Work to be completed
Starting at the first line of the data and ending at the line with "Une chambre d’hôtel", copy each line exactly. Include both of those lines, but no pictures.

Data block
※

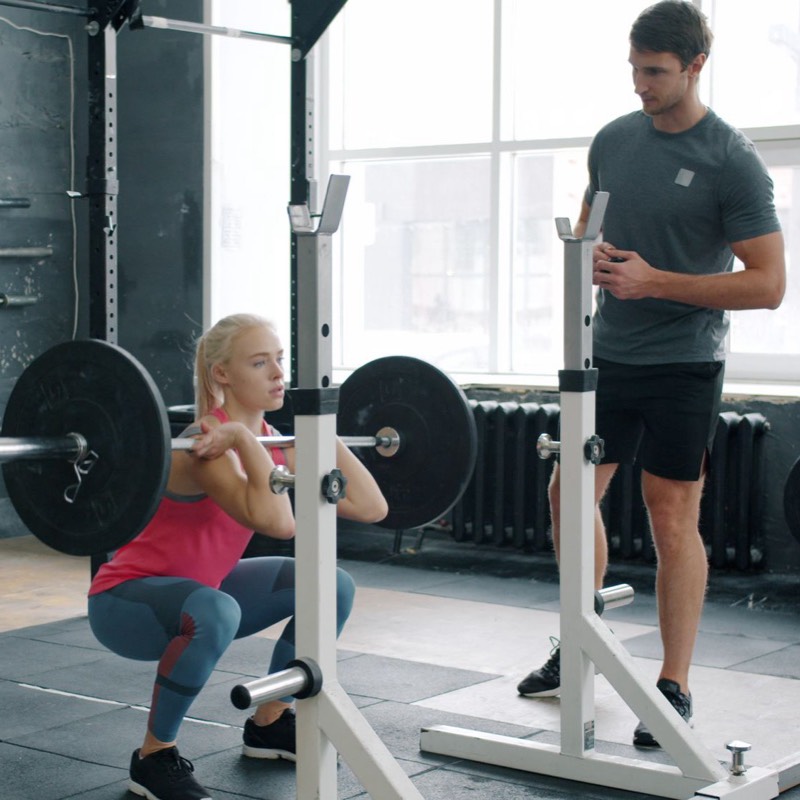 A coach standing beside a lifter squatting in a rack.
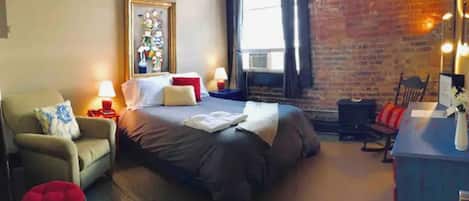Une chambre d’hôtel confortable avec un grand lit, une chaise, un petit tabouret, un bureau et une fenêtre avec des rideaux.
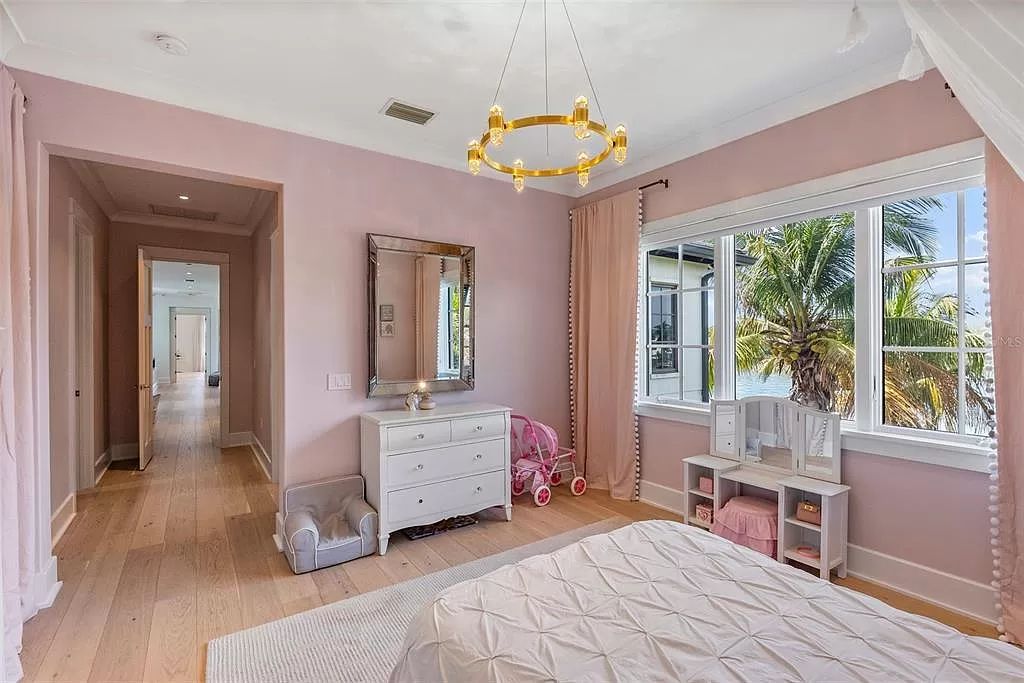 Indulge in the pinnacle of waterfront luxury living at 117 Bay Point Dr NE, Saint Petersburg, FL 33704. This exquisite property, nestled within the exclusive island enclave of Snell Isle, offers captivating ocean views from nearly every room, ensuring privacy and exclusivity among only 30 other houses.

※

Task output
 A coach standing beside a lifter squatting in a rack.
Une chambre d’hôtel confortable avec un grand lit, une chaise, un petit tabouret, un bureau et une fenêtre avec des rideaux.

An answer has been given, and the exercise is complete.